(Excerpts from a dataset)
········
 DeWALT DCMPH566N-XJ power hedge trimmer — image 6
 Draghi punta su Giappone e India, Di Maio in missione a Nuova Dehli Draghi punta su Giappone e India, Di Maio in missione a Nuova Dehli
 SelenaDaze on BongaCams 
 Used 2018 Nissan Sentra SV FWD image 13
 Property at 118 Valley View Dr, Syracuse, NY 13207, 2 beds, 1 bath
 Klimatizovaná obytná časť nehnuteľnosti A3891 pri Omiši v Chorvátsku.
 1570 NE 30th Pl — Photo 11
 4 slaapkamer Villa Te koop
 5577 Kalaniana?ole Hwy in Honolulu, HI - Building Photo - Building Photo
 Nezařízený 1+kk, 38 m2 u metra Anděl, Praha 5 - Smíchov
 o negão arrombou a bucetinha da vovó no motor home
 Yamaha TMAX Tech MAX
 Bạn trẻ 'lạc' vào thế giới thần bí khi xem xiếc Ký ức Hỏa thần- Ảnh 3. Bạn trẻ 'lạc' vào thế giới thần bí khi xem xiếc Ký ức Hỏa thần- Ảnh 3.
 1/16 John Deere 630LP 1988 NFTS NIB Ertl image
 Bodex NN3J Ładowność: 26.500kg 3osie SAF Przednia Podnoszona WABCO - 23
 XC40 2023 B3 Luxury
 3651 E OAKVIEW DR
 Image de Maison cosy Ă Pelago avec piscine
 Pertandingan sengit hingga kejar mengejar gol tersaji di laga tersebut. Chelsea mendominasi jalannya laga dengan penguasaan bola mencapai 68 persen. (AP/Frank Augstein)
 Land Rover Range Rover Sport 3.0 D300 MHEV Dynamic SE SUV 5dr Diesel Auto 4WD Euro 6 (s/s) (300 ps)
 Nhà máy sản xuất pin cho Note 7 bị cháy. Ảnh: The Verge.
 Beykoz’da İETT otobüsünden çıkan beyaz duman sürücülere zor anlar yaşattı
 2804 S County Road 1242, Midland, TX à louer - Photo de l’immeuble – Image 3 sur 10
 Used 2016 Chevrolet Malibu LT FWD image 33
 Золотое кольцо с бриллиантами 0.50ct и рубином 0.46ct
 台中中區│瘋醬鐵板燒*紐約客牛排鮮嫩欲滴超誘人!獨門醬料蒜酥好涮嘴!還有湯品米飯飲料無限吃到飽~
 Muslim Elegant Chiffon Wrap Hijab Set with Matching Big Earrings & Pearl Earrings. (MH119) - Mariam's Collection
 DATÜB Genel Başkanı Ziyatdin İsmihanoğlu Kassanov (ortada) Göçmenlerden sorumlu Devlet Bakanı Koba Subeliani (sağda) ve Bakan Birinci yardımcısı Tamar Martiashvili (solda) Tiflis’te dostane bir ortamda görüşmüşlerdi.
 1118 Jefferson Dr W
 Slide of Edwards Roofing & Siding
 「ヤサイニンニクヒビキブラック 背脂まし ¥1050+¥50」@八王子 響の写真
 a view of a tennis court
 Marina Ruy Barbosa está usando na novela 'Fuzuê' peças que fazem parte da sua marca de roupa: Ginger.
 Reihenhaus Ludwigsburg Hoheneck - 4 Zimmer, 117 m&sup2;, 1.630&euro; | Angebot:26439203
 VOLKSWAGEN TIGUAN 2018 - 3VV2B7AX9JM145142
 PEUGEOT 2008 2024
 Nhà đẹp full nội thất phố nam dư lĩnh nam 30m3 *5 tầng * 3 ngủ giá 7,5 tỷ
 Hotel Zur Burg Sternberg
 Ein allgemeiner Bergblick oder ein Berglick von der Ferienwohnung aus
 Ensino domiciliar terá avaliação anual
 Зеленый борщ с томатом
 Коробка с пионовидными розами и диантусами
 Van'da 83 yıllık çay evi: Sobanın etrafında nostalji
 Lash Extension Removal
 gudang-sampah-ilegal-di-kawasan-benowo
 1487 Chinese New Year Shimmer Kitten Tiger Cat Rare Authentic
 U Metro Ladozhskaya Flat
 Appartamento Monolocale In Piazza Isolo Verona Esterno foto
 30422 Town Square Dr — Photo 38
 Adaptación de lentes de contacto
········
■ PROBLEM TO SOLVE
Whenever a line in the entries above includes the word "Photo", pull that line out.

■ SOLUTION TO THIS EXERCISE
 1570 NE 30th Pl — Photo 11
 5577 Kalaniana?ole Hwy in Honolulu, HI - Building Photo - Building Photo
 2804 S County Road 1242, Midland, TX à louer - Photo de l’immeuble – Image 3 sur 10
 30422 Town Square Dr — Photo 38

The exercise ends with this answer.